### Data supplied

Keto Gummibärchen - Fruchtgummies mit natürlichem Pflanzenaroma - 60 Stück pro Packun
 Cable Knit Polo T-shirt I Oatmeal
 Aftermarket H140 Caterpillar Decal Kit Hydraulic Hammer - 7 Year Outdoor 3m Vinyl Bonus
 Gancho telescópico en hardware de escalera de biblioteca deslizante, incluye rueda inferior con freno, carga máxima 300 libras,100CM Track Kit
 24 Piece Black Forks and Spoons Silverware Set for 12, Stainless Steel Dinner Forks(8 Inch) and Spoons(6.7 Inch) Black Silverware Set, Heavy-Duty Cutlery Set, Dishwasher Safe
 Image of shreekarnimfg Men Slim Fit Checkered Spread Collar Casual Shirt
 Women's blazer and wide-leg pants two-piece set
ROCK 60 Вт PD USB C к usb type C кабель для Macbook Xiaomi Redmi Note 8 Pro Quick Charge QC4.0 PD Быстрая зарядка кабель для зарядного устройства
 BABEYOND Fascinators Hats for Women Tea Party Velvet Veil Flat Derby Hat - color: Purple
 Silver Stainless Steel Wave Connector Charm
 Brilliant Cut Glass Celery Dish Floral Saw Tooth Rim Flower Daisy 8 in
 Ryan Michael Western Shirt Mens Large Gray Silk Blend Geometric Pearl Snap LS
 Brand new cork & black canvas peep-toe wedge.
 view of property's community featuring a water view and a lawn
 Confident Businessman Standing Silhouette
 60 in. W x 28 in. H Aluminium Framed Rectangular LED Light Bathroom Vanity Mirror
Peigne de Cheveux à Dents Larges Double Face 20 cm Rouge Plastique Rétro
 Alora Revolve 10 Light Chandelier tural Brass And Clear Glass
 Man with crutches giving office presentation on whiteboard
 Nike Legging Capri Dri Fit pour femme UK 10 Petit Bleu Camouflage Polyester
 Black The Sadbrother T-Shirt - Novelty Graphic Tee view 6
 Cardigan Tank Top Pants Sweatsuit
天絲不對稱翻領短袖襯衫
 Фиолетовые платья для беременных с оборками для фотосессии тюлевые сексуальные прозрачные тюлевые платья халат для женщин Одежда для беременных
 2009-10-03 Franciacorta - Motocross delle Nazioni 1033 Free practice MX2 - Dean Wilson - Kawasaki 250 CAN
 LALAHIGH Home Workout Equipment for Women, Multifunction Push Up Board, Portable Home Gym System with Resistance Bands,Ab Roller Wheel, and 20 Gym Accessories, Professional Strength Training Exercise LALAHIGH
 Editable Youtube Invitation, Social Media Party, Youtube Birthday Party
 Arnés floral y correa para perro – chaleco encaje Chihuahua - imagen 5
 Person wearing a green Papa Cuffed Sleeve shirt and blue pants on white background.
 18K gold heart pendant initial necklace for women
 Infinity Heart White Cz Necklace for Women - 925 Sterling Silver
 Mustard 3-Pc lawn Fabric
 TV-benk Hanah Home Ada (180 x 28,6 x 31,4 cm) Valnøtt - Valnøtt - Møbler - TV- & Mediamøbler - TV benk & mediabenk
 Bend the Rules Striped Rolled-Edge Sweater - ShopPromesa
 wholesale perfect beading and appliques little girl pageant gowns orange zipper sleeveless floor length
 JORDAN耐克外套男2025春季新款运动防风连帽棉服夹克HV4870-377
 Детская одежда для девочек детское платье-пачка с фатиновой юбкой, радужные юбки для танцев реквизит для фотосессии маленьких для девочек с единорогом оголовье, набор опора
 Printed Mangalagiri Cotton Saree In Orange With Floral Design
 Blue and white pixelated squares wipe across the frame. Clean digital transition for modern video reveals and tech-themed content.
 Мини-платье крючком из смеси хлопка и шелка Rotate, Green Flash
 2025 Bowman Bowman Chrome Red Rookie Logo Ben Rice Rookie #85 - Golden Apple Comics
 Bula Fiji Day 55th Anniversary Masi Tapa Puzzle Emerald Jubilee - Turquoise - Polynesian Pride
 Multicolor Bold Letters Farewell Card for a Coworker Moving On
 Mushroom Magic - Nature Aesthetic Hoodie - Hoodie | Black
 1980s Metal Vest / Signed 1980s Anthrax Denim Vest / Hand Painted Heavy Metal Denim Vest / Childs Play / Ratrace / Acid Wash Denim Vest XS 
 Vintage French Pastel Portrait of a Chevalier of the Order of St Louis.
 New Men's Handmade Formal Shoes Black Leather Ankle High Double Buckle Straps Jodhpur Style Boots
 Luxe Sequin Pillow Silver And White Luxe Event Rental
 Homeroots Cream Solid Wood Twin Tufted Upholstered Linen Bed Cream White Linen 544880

######

# Goal of the exercise
From the line holding "Infinity Heart White" to the line holding "Детская одежда для", inclusive, restate each line above exactly as written.

# Completed exercise
 Infinity Heart White Cz Necklace for Women - 925 Sterling Silver
 Mustard 3-Pc lawn Fabric
 TV-benk Hanah Home Ada (180 x 28,6 x 31,4 cm) Valnøtt - Valnøtt - Møbler - TV- & Mediamøbler - TV benk & mediabenk
 Bend the Rules Striped Rolled-Edge Sweater - ShopPromesa
 wholesale perfect beading and appliques little girl pageant gowns orange zipper sleeveless floor length
 JORDAN耐克外套男2025春季新款运动防风连帽棉服夹克HV4870-377
 Детская одежда для девочек детское платье-пачка с фатиновой юбкой, радужные юбки для танцев реквизит для фотосессии маленьких для девочек с единорогом оголовье, набор опора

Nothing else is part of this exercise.